Ma commission, et tout entière, fut faite le soir même. Mlle de Lislebonne y répondit à merveille et avec cet air de franchise qu’elle avoit assez souvent ; sa sœur aussi, mais avec moins d’esprit, en quoi elle étoit aussi fort inférieure à son aînée. Toutes deux chargèrent Mme d’Urfé de m’assurer qu’elles avoient été si étonnées qu’elles n’avoient point de peine à se persuader que je n’avois rien de semblable dans le cœur ni dans la bouche, ce qu’elles accompagnèrent de toutes sortes de marques d’estime, de discours obligeants et de compliments pour moi. Elles tinrent le même langage à Pontchartrain lorsqu’il leur parla.

Mme la duchesse de Ventadour, le prince de Rohan, son gendre, et M. de Strasbourg n’avoient appris cela que par Mlle de Lislebonne et Mme d’Espinoy. Je ne leur fis rien dire, non plus qu’eux ne m’avoient point fait parler comme avoient fait les deux sœurs. Mme de Ventadour en fut apparemment piquée. Elle continua ses plaintes, et moi, content de ce que j’avois fait, je les laissai tomber.

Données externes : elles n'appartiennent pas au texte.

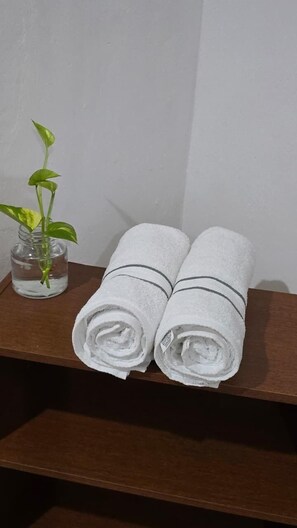 Fridge, microwave, stovetop, blender - Casa Ginger (Campeche)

Cette, noirceur ne prit pas, mais ne laissa pas de faire quelque bruit. J’étois outré contre le duc de Mortemart ; et tout gendre qu’il fût de M. de Beauvilliers, qui étoit pour moi toutes choses et en tout genre, je crus pousser toute considération à bout de ne pas l’aller chercher, mais bien résolu à l’insulter la première fois que je le rencontrerois. Il étoit à Paris depuis Marly, et je l’attendois au retour avec impatience. Mme de Saint-Simon, à qui, ni à personne, je m’étois bien gardé d’en laisser rien entendre, ne laissoit pas d’être inquiète. Elle la fut encore plus de ce qu’elle remarqua que, pressé par le duc de Charost, intimement de nos amis, je n’avois pas voulu lui conter cette histoire qui n’avoit pas été tout entière jusqu’à lui. Elle se hâta de la lui conter en mon absence, et lui de l’aller dire à M. de Beauvilliers qui accourut aussitôt chez moi. Il n’est pas possible d’exprimer tout ce qu’il sentit, et dit en cette occasion, jusqu’à déclarer qu’entre son gendre et moi il abandonneroit son gendre. Il l’envoya chercher à Paris, qui ne trouvant ni M. ni Mme de Beauvilliers chez eux, monta chez M. de Chevreuse, où il crut les rencontrer. Il ne trouva que Mme de Chevreuse qui renvoya sa compagnie, et ne retint que Mme de Lévi sa fille, devant qui, sans rien apprendre au duc de Mortemart, elle lui demanda seulement ce qui s’étoit passé entre lui et moi chez Mme Chamillart. Il lui en fit le récit tel que je l’ai rapporté. Mme de Chevreuse le questionna fort, et, voyant qu’elle n’en tiroit rien de plus, elle lui conta tout le fait. Le duc de Mortemart, à son tour, entra dans une grande surprise et parut fort en colère, nia nettement et absolument qu’il eût rien dit d’approchant de ce qu’il apprenoit là qu’on lui imputoit d’avoir dit, se récria sur la noirceur d’une chose qu’il faudroit qu’il eût inventée, puisqu’il ne m’avoit jamais entendu rien dire qui en pût approcher. Il en dit autant après à M. de Beauvilliers, et s’offrit de le soutenir à Mlle de Lislebonne, à Mme d’Espinoy, à Mme d’Urfé et à Pontchartrain. MM. de Chevreuse et de Beauvilliers me le dirent de sa part, et me prièrent de trouver bon qu’ils me l’amenassent pour me le dire lui-même. Je ne tardai pas à instruire Pontchartrain et Mme d’Urfé de cette négative entière, et de la faire porter par eux à Mlle de Lislebonne et à Mme d’Espinoy.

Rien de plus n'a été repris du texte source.